= WORK REQUEST =
Each line in the material below, starting at the one with "網(wǎng)紅蛋糕疑似色素" and ending at the one with "SEI MIO - Legs", is to be reproduced exactly; no picture is to be copied.

= EXERCISE DATA =
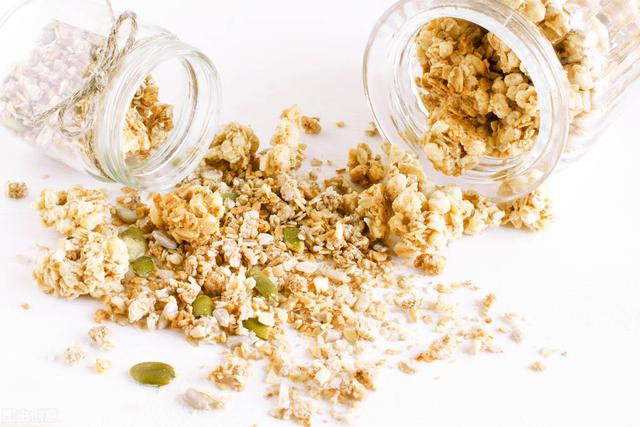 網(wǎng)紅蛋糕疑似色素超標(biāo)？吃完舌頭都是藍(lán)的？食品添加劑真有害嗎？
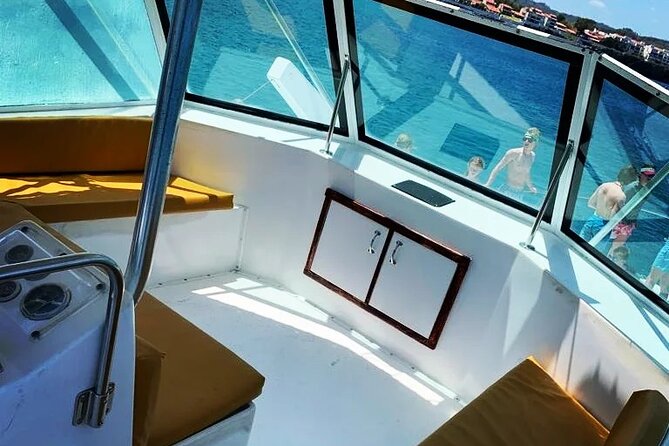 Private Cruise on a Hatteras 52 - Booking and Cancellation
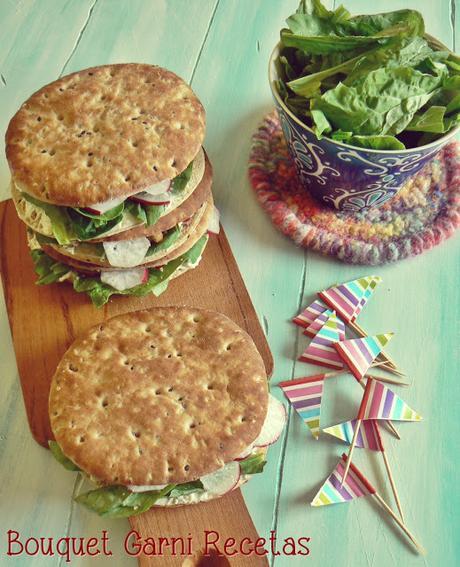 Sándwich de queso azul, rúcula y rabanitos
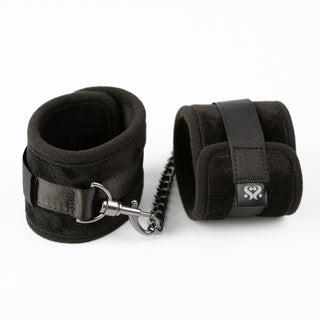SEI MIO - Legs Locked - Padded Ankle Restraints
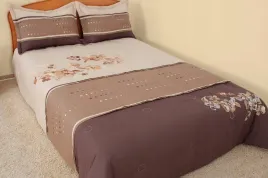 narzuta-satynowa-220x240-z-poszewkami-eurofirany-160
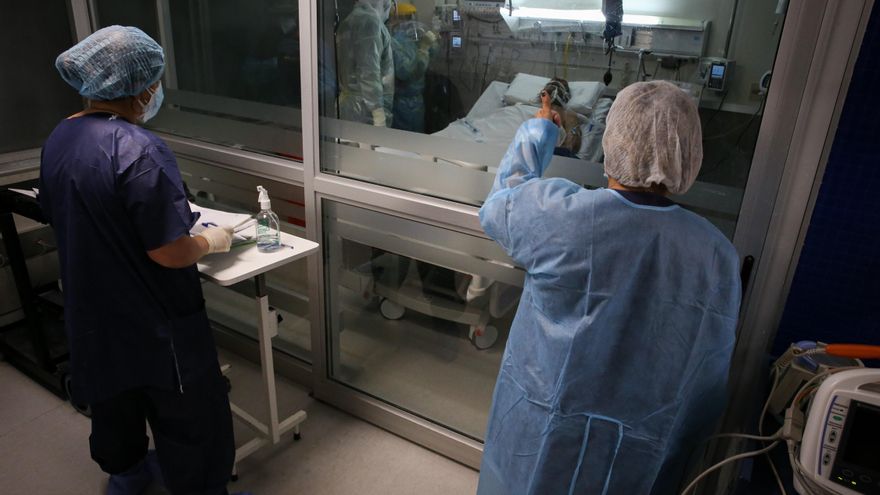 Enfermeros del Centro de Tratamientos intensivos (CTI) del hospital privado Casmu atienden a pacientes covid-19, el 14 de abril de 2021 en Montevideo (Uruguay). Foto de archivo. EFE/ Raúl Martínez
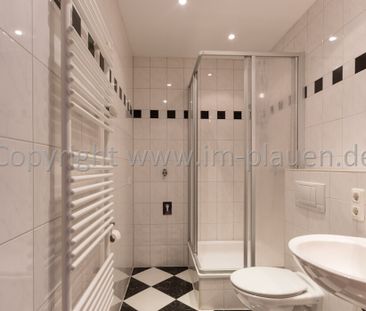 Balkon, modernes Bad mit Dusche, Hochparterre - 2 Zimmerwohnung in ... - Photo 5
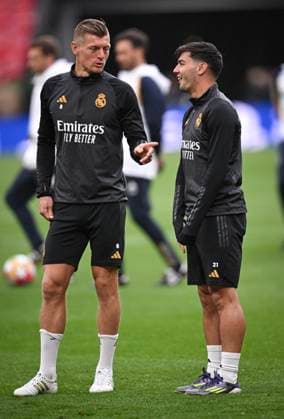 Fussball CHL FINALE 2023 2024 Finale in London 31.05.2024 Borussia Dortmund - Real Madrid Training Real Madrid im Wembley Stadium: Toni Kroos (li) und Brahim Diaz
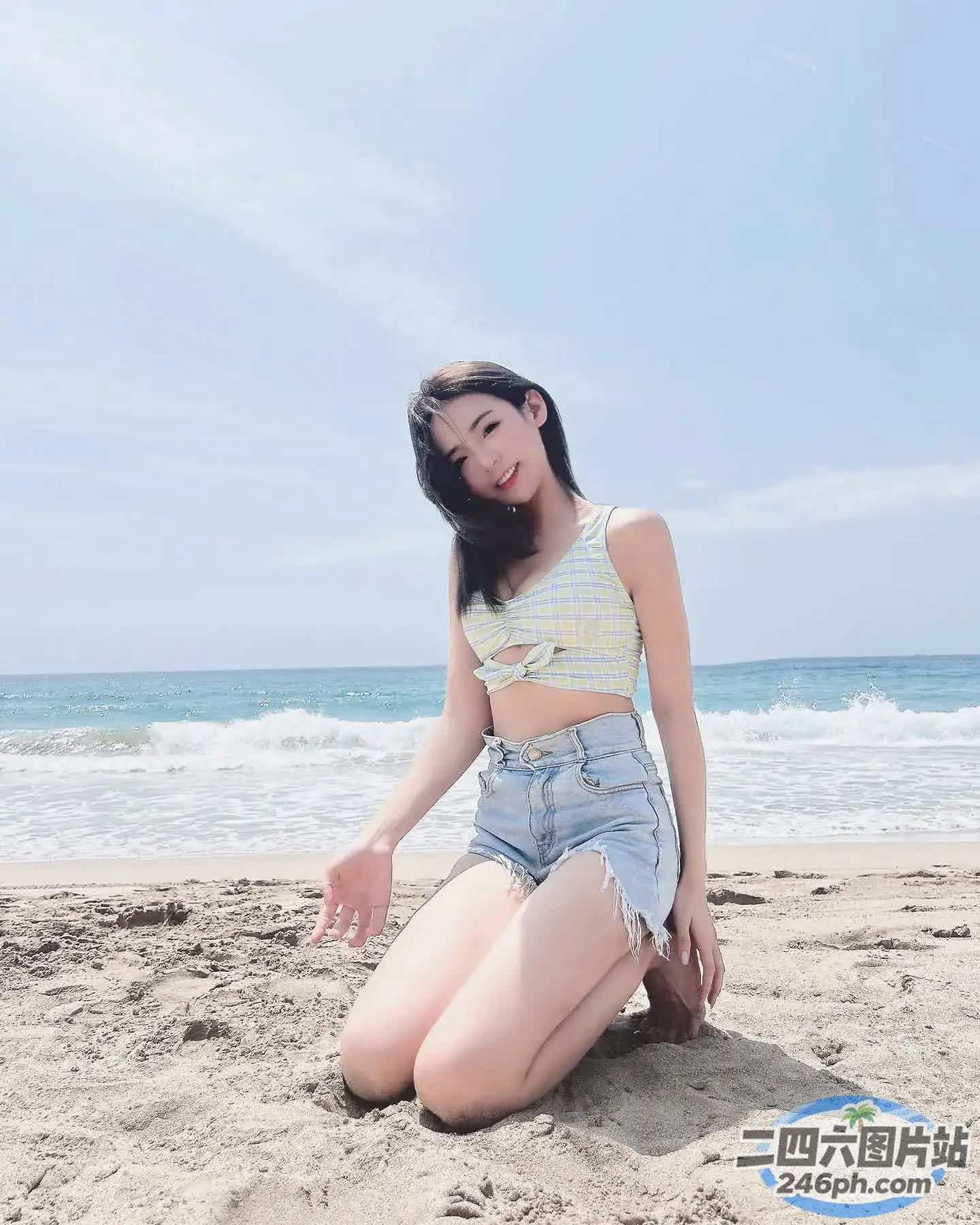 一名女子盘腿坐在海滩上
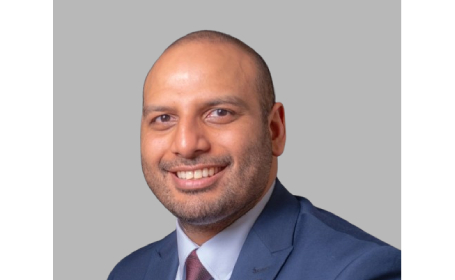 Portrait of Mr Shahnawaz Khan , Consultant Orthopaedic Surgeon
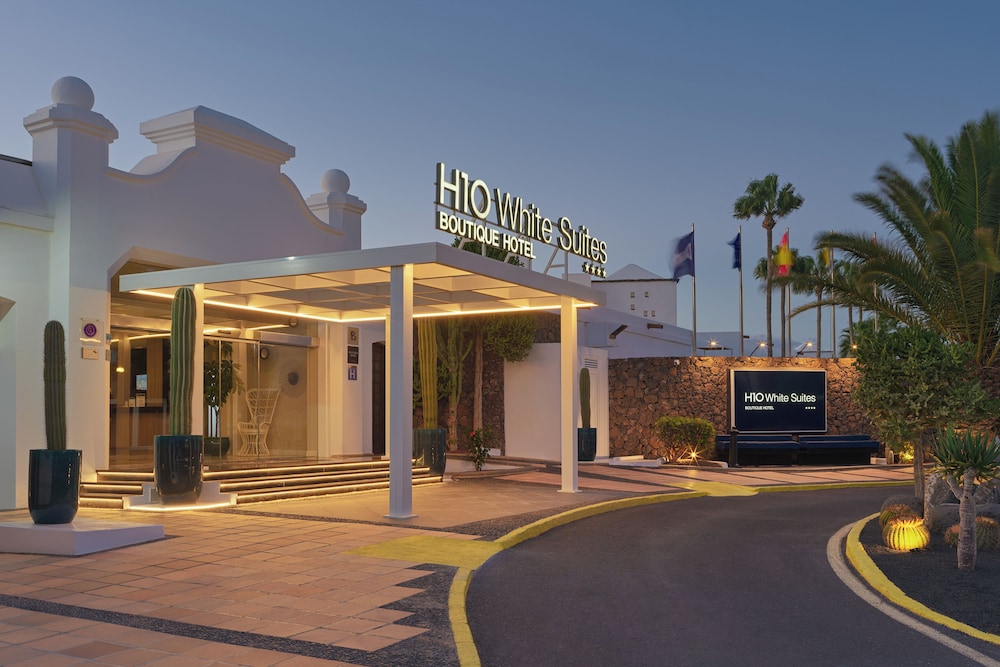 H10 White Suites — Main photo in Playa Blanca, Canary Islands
---
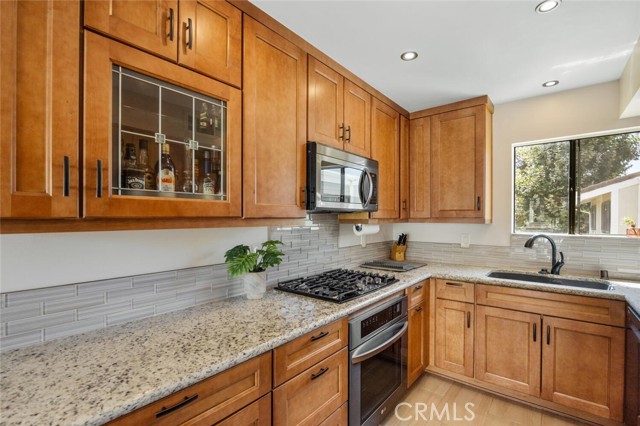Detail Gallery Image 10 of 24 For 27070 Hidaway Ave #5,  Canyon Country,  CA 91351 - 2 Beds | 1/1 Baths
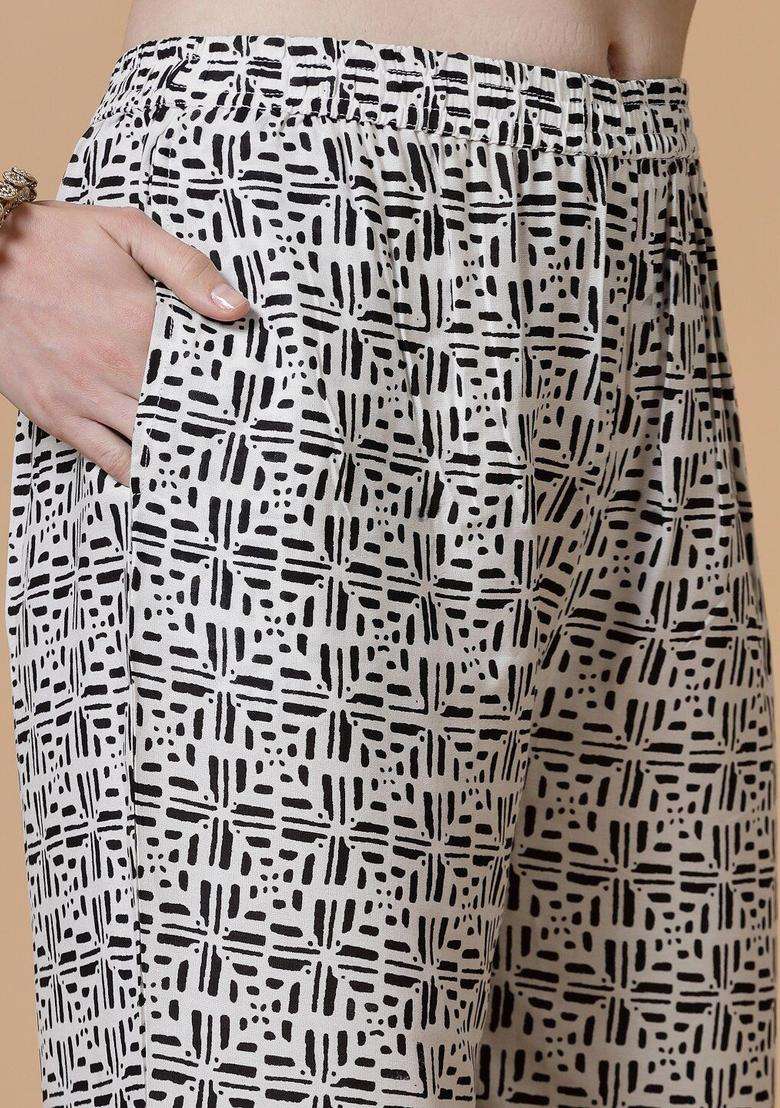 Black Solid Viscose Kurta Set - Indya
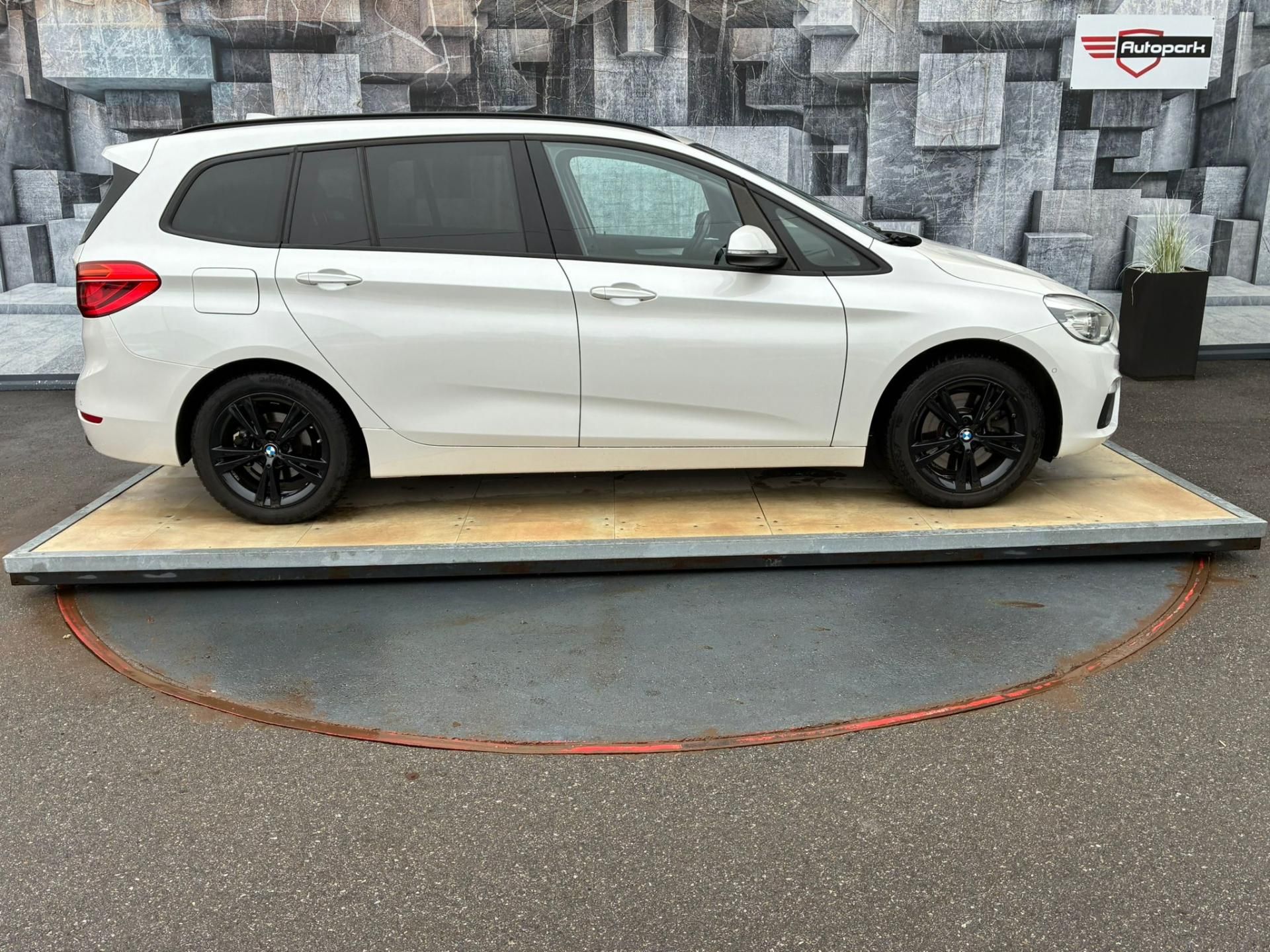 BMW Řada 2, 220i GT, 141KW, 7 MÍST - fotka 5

= EXERCISE RESPONSE =
 網(wǎng)紅蛋糕疑似色素超標(biāo)？吃完舌頭都是藍(lán)的？食品添加劑真有害嗎？
 Private Cruise on a Hatteras 52 - Booking and Cancellation
 Sándwich de queso azul, rúcula y rabanitos
SEI MIO - Legs Locked - Padded Ankle Restraints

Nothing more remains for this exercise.